Allergan's plan, described as "sinister" by Athens-Clarke County Superior Court Judge David Sweat, would buy out future royalties from partners Novartis, Inspire, and the University of Georgia, where Professor Renee Kaswan invented the groundbreaking drug. Allergan’s plan relied on overstated risks, low sales estimates and excluding inventor Dr. Kaswan be excluded from the buy-down negotiations.

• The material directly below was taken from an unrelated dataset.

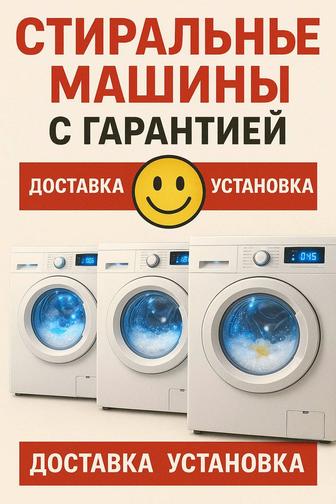 Продам стиральную машину НА ГАРАНТИИ АВТОМАТ/ДОСТАВКА/УСТАНОВКА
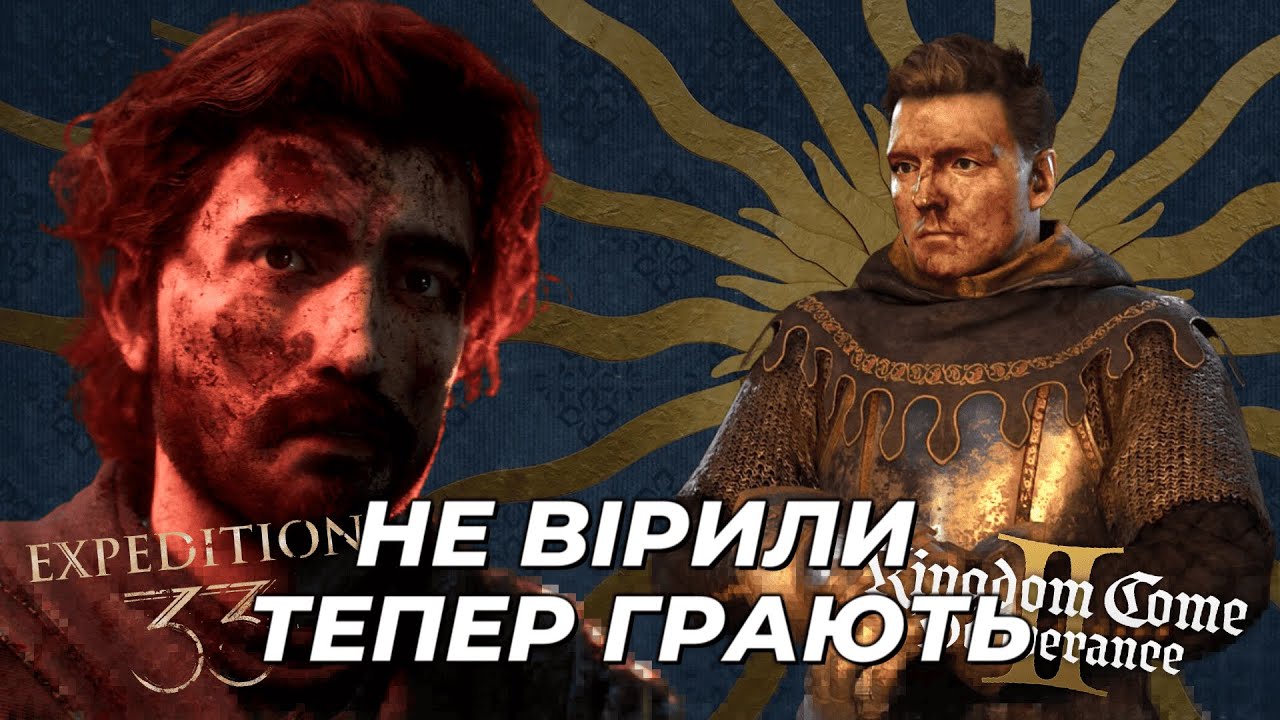 РЕЛІЗИ 2025 В ЯКУ НІХТО НЕ ВІРИВ - А ВОНИ РОЗІРВАЛИ РИНОК 💥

Without Dr. Kaswan, UGA was deprived of information she had from working closely with Allergan in the R&D phase of the drug and knew the company’s market expectations for Restasis®. By excluding Kaswan as a valuable resource during the negotiations, the University of Georgia Research Foundation (UGARF) undermined the best interests of itself, their inventor and Georgia’s taxpayers. By excluding Kaswan as a subject matter expert from negotiations, the University of Georgia Research Foundation (UGARF) not only undermined their own royalty valuation, but betrayed their inventor and Georgia taxpayers' interests.

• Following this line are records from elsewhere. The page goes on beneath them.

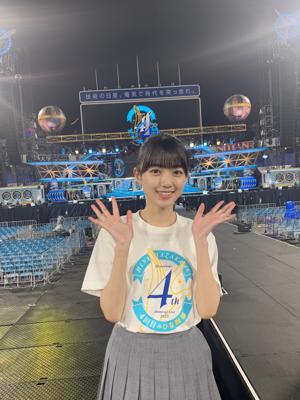 無謀と言われて笑われてもいい  平尾帆夏のサムネイル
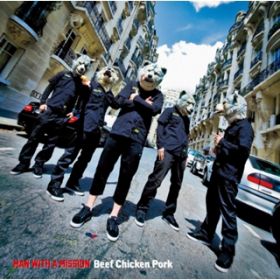 NEVER FXXKIN' MIND THE RULES (ENG VerD) / MAN WITH A MISSION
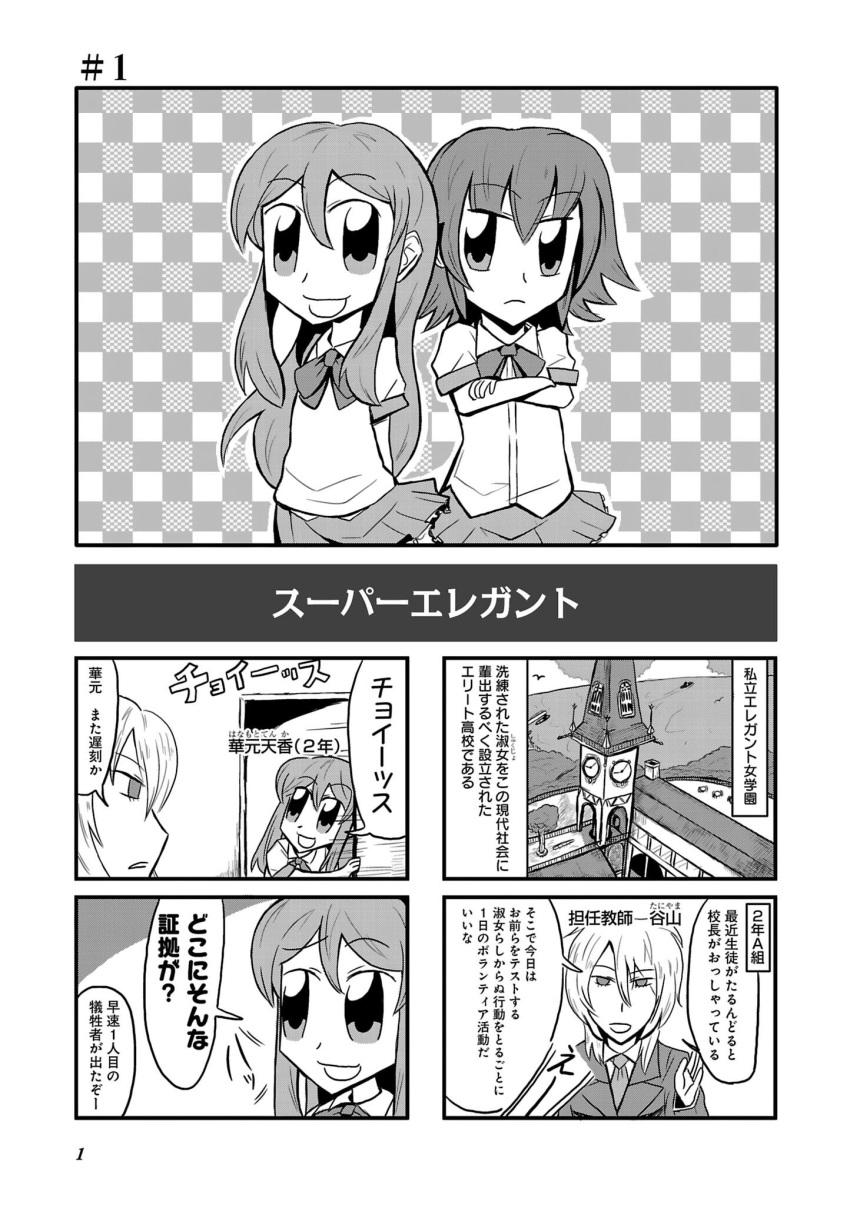 2girls :d arms_behind_back bkub chimney clock clock_tower comic courtyard crossed_arms eyebrows_visible_through_hair formal frown greyscale highres long_hair messy_hair monochrome multiple_girls necktie open_mouth opening_door school_uniform serafuku short_hair simple_background smile speech_bubble suit super_elegant talking tower translation_request two-tone_background two_side_up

Initially, Allergan offered less than $14 million for a royalty stream currently estimated at over $290 million. Later, their offer increased to approximately $23 million, still quite a bargain for Allergan at over a 90% discount. A 15% discount is the industry standard for royalty monetization.
So why would UGARF accept Allergan's dismal projections for Restasis®? Was it because UGARF had an impartial expert evaluation of this invention? The answer is NO. It was not until after the buy-down proposal was consummated that UGARF sent Allergan's undervalued projections to a valuation expert.